3.3 Accepted Risk Analysis Models

One example of an accepted structured methodology is Failure Mode and Effects Analysis (FMEA), adapted for artificial intelligence contexts. Equivalent methodologies may also be used, provided they demonstrate:

systematic identification of failure modes
defined criteria for assessing impact and likelihood
documentation sufficient for independent review

The choice of specific analytical tools remains at the discretion of the implementing body.

4.0 Failure Mode Identification

4.1 Definition of Failure Mode in an Artificial Intelligence Context

For the purposes of this framework, a failure mode is a specific, identifiable way in which an artificial intelligence system may produce harm, unintended consequence, or material risk to users or society when operating as designed or when interacting with real-world conditions.

In the context of artificial intelligence, failure modes may arise from:

system behavior rather than component malfunction,
probabilistic outputs rather than deterministic error,
interaction effects between system design, deployment context, and user behavior.

Failure mode identification focuses on observable outcomes and effects, not on inferred intent or internal model mechanics.

4.2 Categories of AI-Related Failure Modes

Failure modes may be grouped into non-exclusive categories to support systematic analysis. Common categories include, but are not limited to:

Informational failures
Outputs that are materially false, misleading, or presented with unwarranted confidence.
Decision-influence failures
Outputs that improperly shape, distort, or over-weight user judgment or decision-making.
Emotional or psychological impact failures
Outputs that contribute to emotional dependency, distress, manipulation, or erosion of user agency.
Contextual misalignment failures
Outputs that are inappropriate given the user’s situation, vulnerability, or stated intent.
Scale and repetition failures
Harms that emerge primarily through repeated interaction, broad deployment, or cumulative exposure rather than single outputs.

These categories are illustrative and do not limit identification of additional failure modes relevant to specific systems or contexts.

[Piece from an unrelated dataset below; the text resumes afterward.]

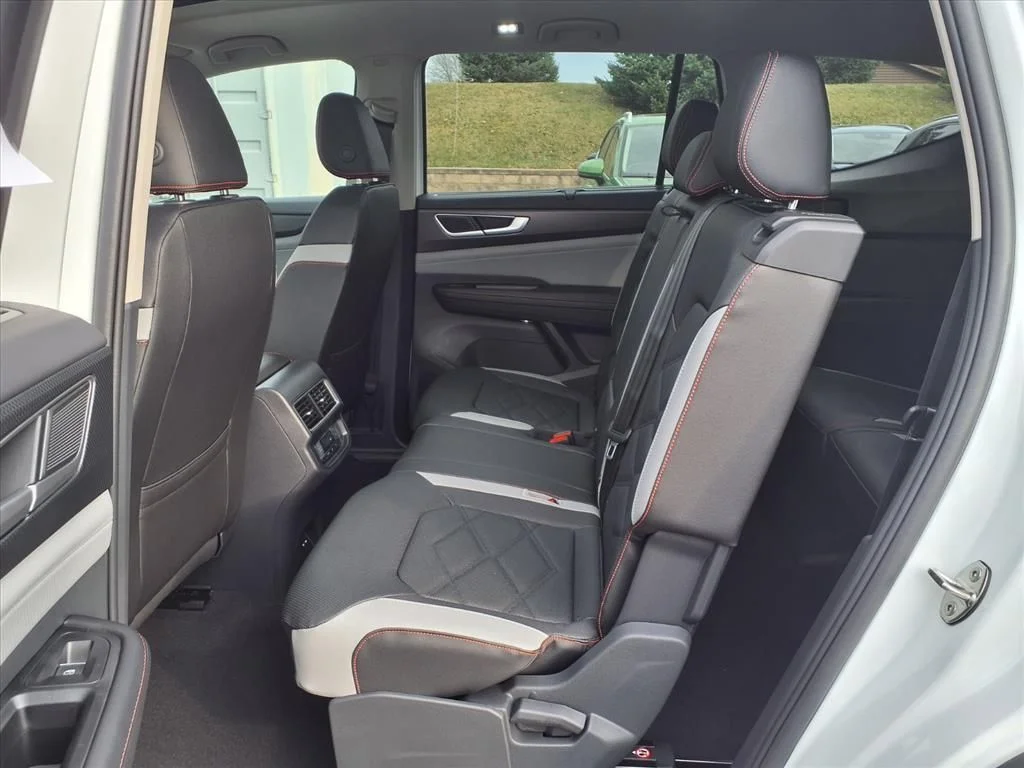 New 2026 Opal White Pearl Volkswagen 2.0T Peak Edition image 14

4.3 Sources of Failure Modes

Failure modes may originate from multiple sources, including:

System design characteristics
Training data composition, optimization objectives, or output constraints.
Deployment context
Intended use, user population, and environment of operation.
Human-system interaction patterns
User reliance, misuse, misunderstanding, or repeated engagement.
Operational scale
Volume of interactions, geographic reach, or integration into critical processes.

Effective failure mode identification considers these sources collectively rather than in isolation.

4.4 Identification Process

Failure mode identification should be conducted using a structured, documented process. Such a process typically includes:

Description of the AI system and its intended use
Identification of plausible adverse outcomes associated with system outputs or behaviors
Documentation of conditions under which each failure mode may occur
Identification of affected users or stakeholder groups

The objective is not to enumerate all conceivable risks, but to identify plausible, material failure modes that warrant evaluation under the risk-based framework.

4.5 Documentation of Identified Failure Modes

Each identified failure mode should be documented with sufficient clarity to support subsequent risk evaluation and review. Documentation typically includes:

a concise description of the failure mode,
the nature of the potential harm or effect,
the context in which the failure may arise,
the user or system impact area affected.

Clear documentation supports traceability, enables independent review, and allows reassessment as systems or deployment conditions evolve.

Legislative Context Note (Informative)

In legislative or regulatory contexts, failure mode identification is commonly reflected through assessment or documentation requirements, rather than through enumeration of specific risks in statute. This approach allows laws to remain adaptable while ensuring that material risks are systematically considered.

5.0 Severity, Occurrence, and Detection Scales

Risk evaluation within the Model AI Legislation Framework relies on three complementary dimensions: Severity, Occurrence, and Detection. Together, these dimensions support structured comparison of identified failure modes and enable proportional risk management without reliance on categorical judgments.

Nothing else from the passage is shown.